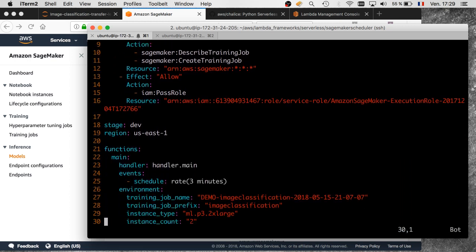The stage for this function is dev, region is us-east-1, and the handler is the entry point you just saw. We're going to schedule this function every three minutes — which is way too frequent, but works well for demo purposes. You can use the rate syntax or provide a cron expression if you need something like every Monday and Wednesday at a specific time. Then I pass my environment variables: the name of the previous training job, a prefix for the new jobs, the instance type, and the instance count.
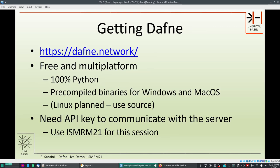So how to get Daphne? Daphne is free and multi-platform, written in 100% Python. There is one small binary module that is external for which we provide binaries for Windows and Mac. We also plan to provide Linux binaries, but at the moment you will have to install it from source. The only requirement is an API key to communicate with our server, which can be requested directly from the Daphne website.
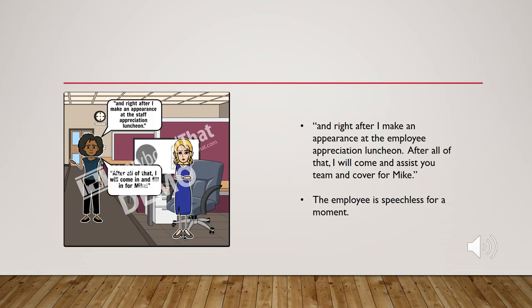The employee is feeling a bit silly for suggesting that the manager has no daily responsibilities. And right after I make an appearance at the employee appreciation luncheon. After all of that, I will come and assist you and your team and cover for Mike.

### Directions for this task
Return an exact transcription of the material, with its pictures left out.

### Exercise response
The stage for this function is dev, region is us-east-1, and the handler is the entry point you just saw. We're going to schedule this function every three minutes — which is way too frequent, but works well for demo purposes. You can use the rate syntax or provide a cron expression if you need something like every Monday and Wednesday at a specific time. Then I pass my environment variables: the name of the previous training job, a prefix for the new jobs, the instance type, and the instance count.
So how to get Daphne? Daphne is free and multi-platform, written in 100% Python. There is one small binary module that is external for which we provide binaries for Windows and Mac. We also plan to provide Linux binaries, but at the moment you will have to install it from source. The only requirement is an API key to communicate with our server, which can be requested directly from the Daphne website.
The employee is feeling a bit silly for suggesting that the manager has no daily responsibilities. And right after I make an appearance at the employee appreciation luncheon. After all of that, I will come and assist you and your team and cover for Mike.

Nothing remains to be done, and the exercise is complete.